» Supplied data:
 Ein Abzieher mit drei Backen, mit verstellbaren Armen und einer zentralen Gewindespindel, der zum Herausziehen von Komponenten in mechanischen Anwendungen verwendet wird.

---

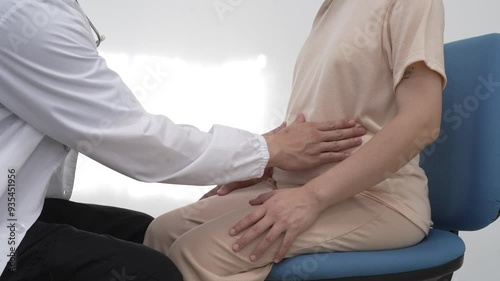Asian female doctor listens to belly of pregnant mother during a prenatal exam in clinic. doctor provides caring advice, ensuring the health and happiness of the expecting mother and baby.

...

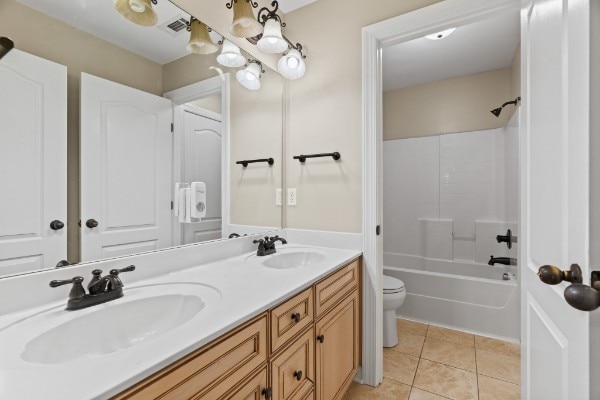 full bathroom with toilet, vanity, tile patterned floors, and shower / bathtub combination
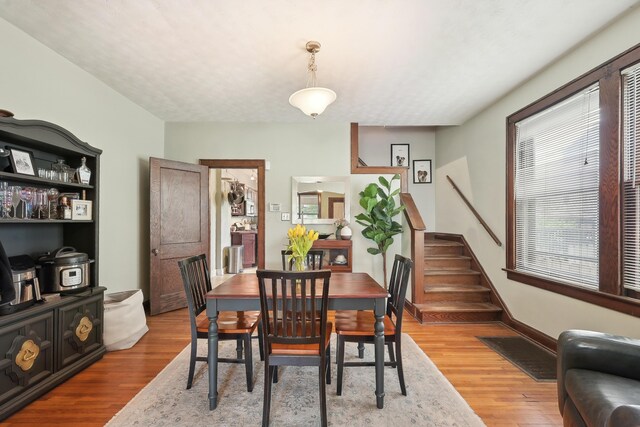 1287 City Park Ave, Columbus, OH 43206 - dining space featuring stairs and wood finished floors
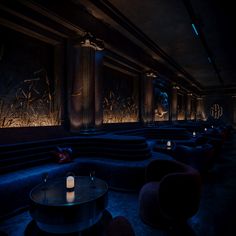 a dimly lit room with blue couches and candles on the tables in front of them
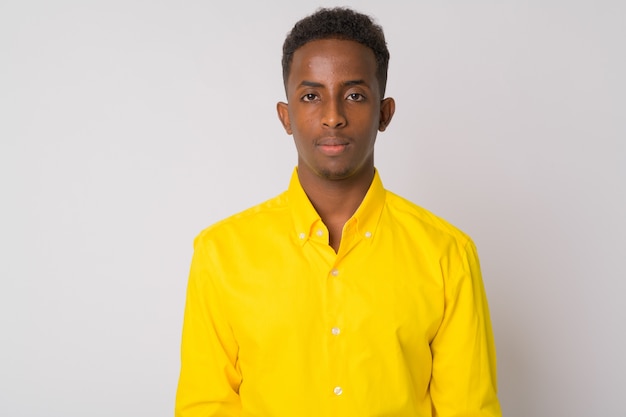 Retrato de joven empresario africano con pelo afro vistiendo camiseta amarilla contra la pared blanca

» Your goal: Every line above from the one with "1287 City Park" down to the one with "Retrato de joven" must be written out exactly, and no picture may appear.

» Result of the exercise:
 1287 City Park Ave, Columbus, OH 43206 - dining space featuring stairs and wood finished floors
 a dimly lit room with blue couches and candles on the tables in front of them
 Retrato de joven empresario africano con pelo afro vistiendo camiseta amarilla contra la pared blanca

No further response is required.